Yargıtay 15. Hukuk Dairesi 2012/3059 Esas 2012/6604 Karar Sayılı İlamı

Abaküs Yazılım
15. Hukuk Dairesi
Esas No: 2012/3059
Karar No: 2012/6604
Karar Tarihi: 18.10.2012

Yargıtay 15. Hukuk Dairesi 2012/3059 Esas 2012/6604 Karar Sayılı İlamı

15. Hukuk Dairesi         2012/3059 E.  ,  2012/6604 K.

    "İçtihat Metni"

    Mahkemesi :Ticaret Mahkemesi

    Yukarıda tarih ve numarası yazılı hükmün temyizen tetkiki davacı vekili tarafından istenmiş ve temyiz dilekçesinin süresi içinde verildiği anlaşılmış, eksiklik nedeniyle mahalline iade edilen dosya ikmal edilerek gelmiş olmakla dosyadaki kağıtlar okundu gereği konuşulup düşünüldü:

    - K A R A R -

    Dava, tapu iptâli ve tescili; olmadığı takdirde maddi tazminatın tahsili ve yanlar arasındaki sözleşmenin geriye etkili sonuç doğurur şekilde feshine karar verilmesi istemine ilişkindir.

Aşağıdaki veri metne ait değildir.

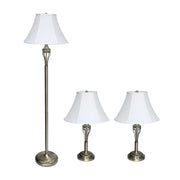 Lalia Home Perennial Roma Classic 3 Piece Metal Lamp Set (2 Table Lamps, 1 Floor Lamp)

Mahkemece, davanın reddine karar verilmiş, verilen karar davacı vekilince temyiz edilmiştir.
    1-Dosyadaki yazılara, kararın dayandığı delillerle yasaya uygun gerektirici nedenlere ve özellikle delillerin takdirinde bir isabetsizlik bulunmamasına göre davacı vekilinin aşağıdaki bendin kapsamı dışındaki sair temyiz itirazlarının reddi gerekmiştir.
    2-Davacı vekilinin diğer temyiz itirazlarının incelenmesine gelince;
    Davacı vekili, davacının müşterek paydaş olduğu 25576 ada ve 1 parsel numaralı taşınmazın, diğer parsellerle tevhit edilerek, oluşturulacak yeni parsel üzerine inşaat yapılması ve yapılacak inşaattan 1 adet bağımsız bölüm ile fazla kalan hisse için belirlenecek parasal tutarın verilmesi için davalı şirketi temsilen davalı ... ile davacı vekili arasında “adi yazılı şekilde” 21.10.2000 tarihli sözleşme yapıldığını; davalı ..."a da 20.10.2000 tarih ve 7219 yevmiye nolu vekâletname verildiğini; ancak, davalıların yüklendikleri edimlerini yerine getirmedikleri gibi, sözleşme konusu payın davacının vekili olarak hareket eden davalı ... tarafından aynı zamanda temsile yetkili olduğu diğer davalı şirkete kayden temlik olunduğunu, şirket tarafından da dava dışı üçüncü kişiye, onun tarafından da dördüncü kişiye kayden temlik olunduğunu ileri sürerek; 21.10.2000 tarihli sözleşmenin geriye etkili sonuç doğurur şekilde feshine; öncelikle tapu kaydının iptâline; olmadığı takdirde ise, fazlaya ilişin haklar saklı tutularak imkânsızlık sebebiyle taşınmaz payının bedeli olan 15.000,00 TL ile 5.000,00 TL kazanç kaybının davalılardan müştereken ve müteselsilen tahsiline karar verilmesini istemiştir.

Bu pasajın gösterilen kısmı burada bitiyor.